Simanaitis Says

On cars, old, new and future; science & technology; vintage airplanes, computer flight simulation of them; Sherlockiana; our English language; travel; and other stuff


THE Atlas Obscura website celebrated the 177th birthday yesterday of the word “okay.” The musings of Cara Giaimo, its author, encouraged me to dig into my own shelves.

Briefly, as Cara notes, it was March 23, 1839, that the Boston Morning Post offered the first published use of o.k. to mean “all correct.” Its spoken use has a passel of possible earlier origins, including Choctaw (okeh), Scottish (och aye) and West African Mandinigo (o ke). The word o.k., okay or its equivalent appears in everything from Arabic (حسنا ) to Vietnamese (ôkê).


An ubiquitous button. Image by Maximilian Schönherr.

I like the theory that o.k. sprang from the Boston Abbreviation Fad, linguistic fun that began in the summer of 1838. Other expressions of the BAF were NG for “no go,” SP for “small potatoes” and GT for “gone to Texas.” Wife Dottie tells me that she knew this last phrase as a euphemism for high school girls who temporarily disappeared for a few months. She was naïve enough to believe they really made the trip.

O.K. has a political tie-in too. The 1840 presidential election was one of the first campaigns with razzmatazz. The Democratic candidate and eventual loser was Andrew Jackson’s protégé Martin Van Buren, aka Old Kinderhook after his midstate New York origins. “Vote for OK” was part of his campaign.


Martin Van Buren, 1782 – 1862, aka Old Kinderhook, eighth U.S. president, 1837 – 1841, lost to William Henry Harrison, aka Tippecanoe, in 1840. Image by Mathew Brady.

The Whig party opposition countered by saying OK stood for “all correct,” and that followers of Andrew Jackson just didn’t know how to spell. Not unrelated, in editorial jargon “TK” means something is “to come.”


I searched for o.k. and its variations in the The Compact Edition of the Oxford English Dictionary, 1971. It wasn’t there, though I shouldn’t have been surprised. Paul Temple, my favorite English (fictional) detective, objects to this Americanism whenever it’s uttered by Charlie, the Temple butler/servant/handyman. In full disclosure, Paul could be something of a jerk: He’d say to his wife, “Move over, I’ll drive….”
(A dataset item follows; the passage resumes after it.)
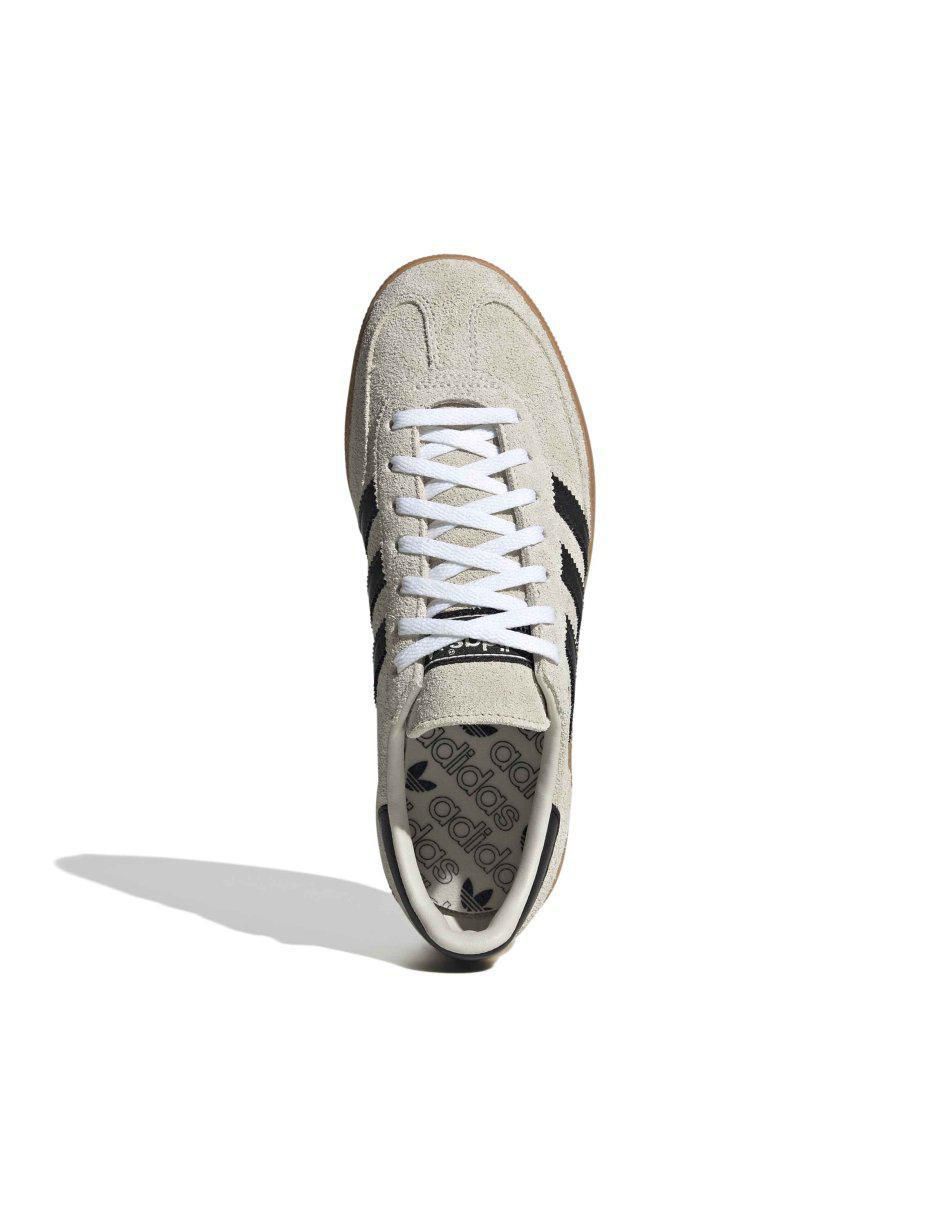 Tenis Adidas Originals Handball Spezial para mujer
O.K. is so common an expression in the U.S. that the Dictionary of American underworld lingo, 1947, doesn’t bother listing it as lingo. However, in an addendum for the English underworld, it offers equivalents that would probably be acceptable to Paul Temple: “aces,” “twenty-two carats,” “jake” and “keeno.”


By contrast, The American Thesaurus of Slang, 1950, has a ball with o.k. Included are variations such as “o.k. by me,” “o.k. for my dough,” “o.k., toots” and “o.k. on the blops.” This last one is movie talk, used by the sound engineer when an audio portion is correctly synched with the film.